If you are like me and have already abused your knees, nutrition is one natural way to address any knee pain you might experience. According to health expert Jason Theodosakis, M.D, there are foods you can add to your diet to support joint health? And when talking about joint health, consider this doesn't just mean the point where the two bones come together. It also includes cartilage, the tissue between the joint bones, tendons, the tissue that connects muscles to bones, ligaments, the tissue that connects bones to other bones, and synovium, the lubricant fluid that protects from bones rubbing each other. To keep your joints working for you and keeping you active and mobile, just doing the right type exercise and making sure you are eating foods that help keep joints strong can make a big difference.

Joint Friendly Diet
Fruits and vegetables are an especially important part of a joint friendly diet as they provide you with antioxidants to fight off free radicals that can be damaging to joints. Make sure for joint health that you are particularly including the antioxidants vitamin A, vitamin C, vitamin E and selenium. Antioxidants like wheat sprouts and nutrients that stimulate your body to produce stem cells both help joint mobility and decrease pain. Natural nutrition is a better solution than over-the-counter inflammatory drugs, which can suppress healing and cause side effects, such as stomach ulcers. Good food sources for vitamin A include dark green leafy vegetables like spinach, carrots, pumpkin, cantaloupe, mangoes, butternut squash, and asparagus. For vitamin C make sure you are eating foods such as grapefruit, papaya, oranges, mangoes, berries, broccoli, red peppers and asparagus. Vitamin E can be added to the diet by eating foods such as avocados, whole grain bread and cereal, peanut butter and seeds such as sunflower. And selenium can be found in salmon, Brazil nuts, oatmeal and brown rice.

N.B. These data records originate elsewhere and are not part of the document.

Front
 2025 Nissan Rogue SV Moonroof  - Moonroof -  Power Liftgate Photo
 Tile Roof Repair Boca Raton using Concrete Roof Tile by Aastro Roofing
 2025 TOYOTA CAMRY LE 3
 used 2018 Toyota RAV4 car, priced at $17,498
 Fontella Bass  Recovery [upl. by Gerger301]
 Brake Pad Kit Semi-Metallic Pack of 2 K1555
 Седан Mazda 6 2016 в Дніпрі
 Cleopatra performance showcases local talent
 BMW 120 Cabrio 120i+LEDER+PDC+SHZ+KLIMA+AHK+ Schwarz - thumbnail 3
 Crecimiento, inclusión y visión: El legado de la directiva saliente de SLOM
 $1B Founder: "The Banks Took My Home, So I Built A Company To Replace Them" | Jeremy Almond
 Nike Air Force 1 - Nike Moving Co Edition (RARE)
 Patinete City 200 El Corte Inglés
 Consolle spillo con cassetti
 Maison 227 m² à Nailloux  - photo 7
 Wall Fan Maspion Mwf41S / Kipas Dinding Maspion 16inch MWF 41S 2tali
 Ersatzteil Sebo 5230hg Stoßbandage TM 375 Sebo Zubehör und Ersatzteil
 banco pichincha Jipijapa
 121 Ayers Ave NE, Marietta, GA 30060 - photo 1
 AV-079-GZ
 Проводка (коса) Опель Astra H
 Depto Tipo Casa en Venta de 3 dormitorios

Omega-3 fatty acids are another component of a joint health diet as these can help with swelling and joint pain especially for people with arthritis. Research studies have reported that supplementation with omega-3 has led to participants being able to use less NSAID's to control their joint pain. Fatty fish such as salmon, herring, sardines and tuna are good sources of omega-3 as are green veggies, nuts, seeds, and AFA bluegreen algae. Olive oil will not only give you another way to get omega-3 fatty acids, but the University of Catania in Italy has reported findings in animal studies that using extra virgin olive oil helped produce more lubricin which is a protein in the synovial fluid that lubricates joints.

If your lifestyle just doesn't support your getting all the antioxidant providing foods you need, a wholefood supplement may be called for.

Glucosamine supplements have been found effective in keeping cartilage healthy and supporting joint health. Healthy joints naturally have glucosamine and chondroitin in the cartilage. This glucosamine algae supplement also gives you chondroitin, and UC-II® undenatured collagen to nourish joints and their supporting tissues. Another supplement option that has been found in research to be effective with controlling joint pain and inflammation is orange peel extract. This is due to the nobiletin which is a bioflavonoid found in it. To get some of this from real oranges be sure to leave the white layer on the orange when peeling it or use the whole orange with the peel on to grind up in a smoothie type drink.

Remember to be kind to your knees and they will be kind to you!